The business combination was effected through a new holding company named New East Holdings, Inc. (New Engility). As a result of the business combination, New Engility succeeded to and continues to operate, directly or indirectly, the existing business of Engility and, indirectly, acquired the existing business of TASC. Accordingly, the combined companies now operate under New East Holdings, Inc. which was renamed “Engility Holdings, Inc.” upon the closing of the acquisition. The New Engility common stock, similar to the predecessor Engility common stock, trades on the New York Stock Exchange (NYSE) under the symbol “EGL.”
As a result of the acquisition of TASC, former stockholders of TASC Parent Corporation, the parent company of TASC, held approximately 52% of our shares of common stock outstanding as of February 26, 2015, the closing date of the acquisition.
As a condition to the merger, we entered into a Stockholders Agreement, dated February 26, 2015, with Birch Partners, LP (Birch), and for the limited purposes set forth therein, certain investment funds affiliated with Kohlberg Kravis Roberts & Co.

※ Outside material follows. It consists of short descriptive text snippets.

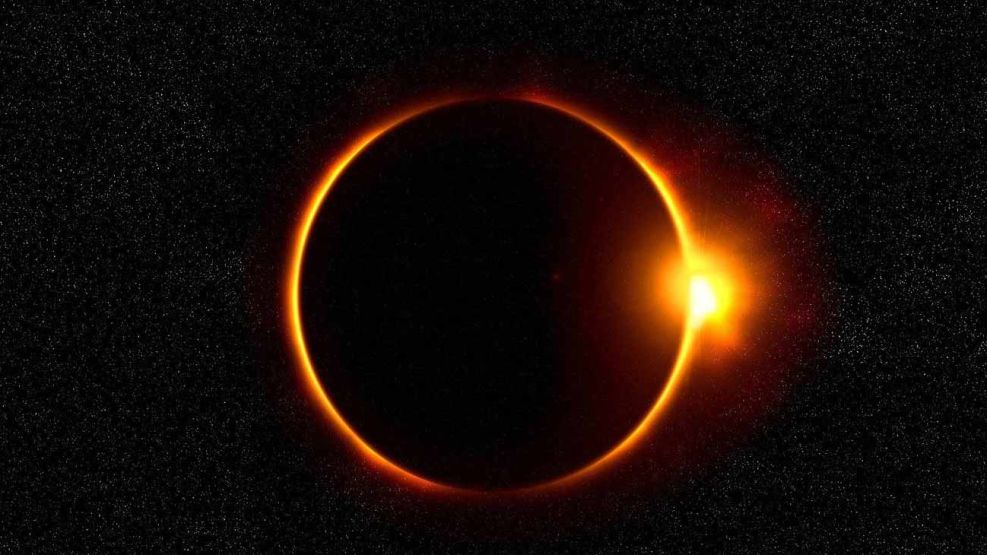 Eclipse Solar Total en España 2026 16062026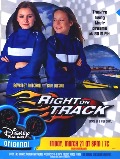 Right on Track Right on Track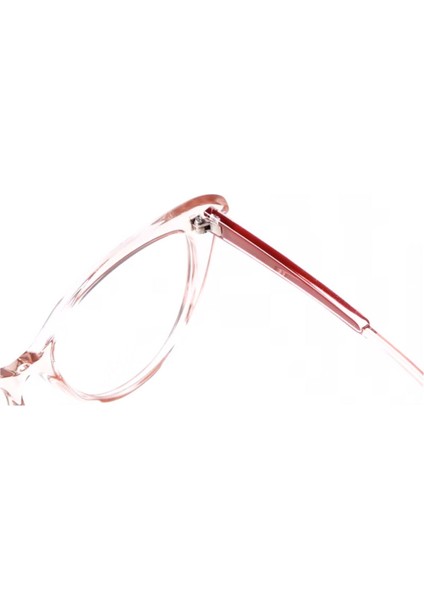 Pembe Zonara Vintage & Retro Gözlük indirimleri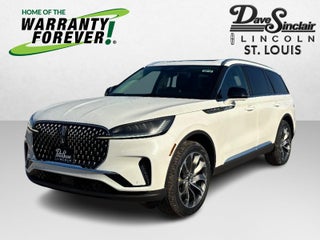 2026 Lincoln Aviator Premiere AWD
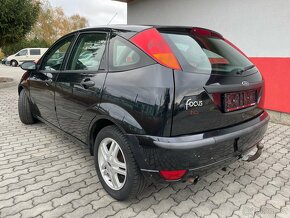 2004 FORD FOCUS 1.6 16V - 3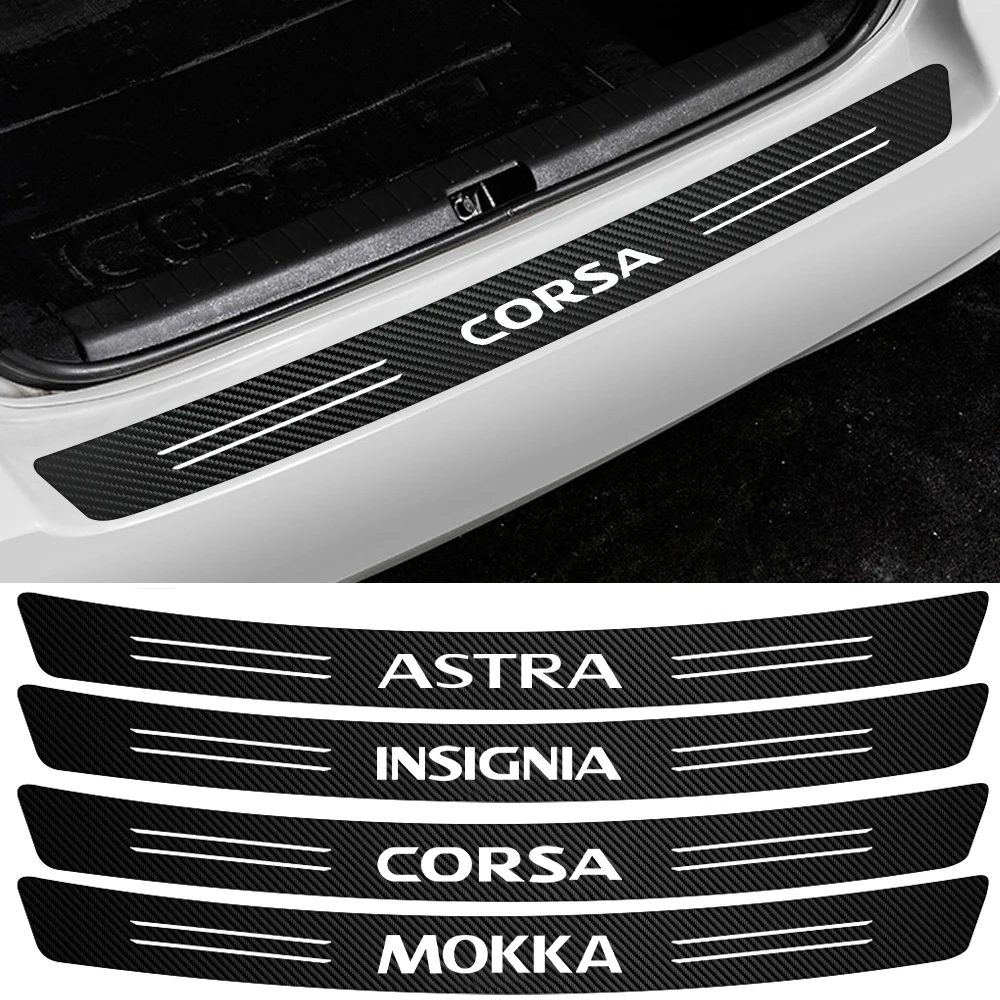 1 комплект автомобильные аксессуары для Opel Astra H G J Insignia Mokka Vectra Corsa OPC | Автомобили и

L.P. (KKR) and certain investment funds affiliated with General Atlantic LLC (GA) (the Stockholders Agreement). The Stockholders Agreement establishes certain rights, restrictions and obligations of Birch, KKR and GA, and sets forth certain governance and other arrangements relating to Engility, including the right of Birch to designate (i) four directors for nomination to our board of directors for so long as each of KKR and GA (including their respective affiliates) beneficially own at least 50% of the shares of our common stock it owned as of the date of the Stockholders Agreement and (ii) two directors for nomination to our board of directors for so long as each of KKR and GA (including their respective affiliates) beneficially own at least 25% of the shares of our common stock it owned as of the date of the Stockholders Agreement.
In connection with the acquisition, we issued 18,937,765 shares of Engility common stock on February 26, 2015 valued at approximately $663 million, and we assumed debt with an estimated fair value of $623 million. Engility declared a special cash dividend payable to stockholders of record as of immediately prior to the closing of the TASC transaction (the Cash Dividend), including holders of all outstanding RSUs and performance shares upon vesting, in the amount of $207 million, or $11.434 per share. For holders of unvested RSUs and performance shares, the Cash Dividend accrued on such grants and will be delivered to the holders upon the vesting of such grants. In connection with the acquisition, Engility has paid $203 million pursuant to the Cash Dividend to stockholders and holders of vested RSUs and options. The remaining Cash Dividend balance will be paid to holders upon the vesting of their outstanding RSUs and performance shares.
We accounted for the acquisition of TASC as a business combination under ASC 805 with Engility as the accounting acquirer. We determined Engility was the accounting acquirer in accordance with ASC 805-10-25-5 as Engility gained control of TASC upon completion of the merger. To make this determination we considered factors as indicated in ASC 805-10-55, including which entity issued equity interests to effect the combination, board of director composition, stockholder ownership, voting control, restrictions on stockholder voting rights, anticipated management positions and the relative size of the two companies. Engility issued its equity to effect the combination, which is usually done by the acquirer. The board of directors immediately following the acquisition was comprised of eleven individuals, seven of whom are the Engility directors and the remaining four of whom are designated by Birch Partners, LP (Birch), the holder of approximately 99% of the outstanding common stock of TASC Parent Corporation prior to the acquisition. While the stockholders of TASC Parent Corporation own approximately 52% of the combined company common stock following the closing of the transaction, Birch executed, at the closing of the transaction, a stockholders agreement agreeing to vote (i) until it no longer has any director nomination rights, with respect to the election of directors, all of its shares in the same manner as, and in the same proportion to, all shares as voted by Engility stockholders (excluding the votes of Birch), other than with respect to its four director nominees; and (ii) with respect to all other proposals, all of its shares in excess of 30% of the total voting power of all issued and outstanding shares of the combined company (between 21%

8

ENGILITY HOLDINGS, INC.
NOTES TO UNAUDITED CONSOLIDATED FINANCIAL STATEMENTS
(in thousands, except share and per share amounts or where otherwise stated)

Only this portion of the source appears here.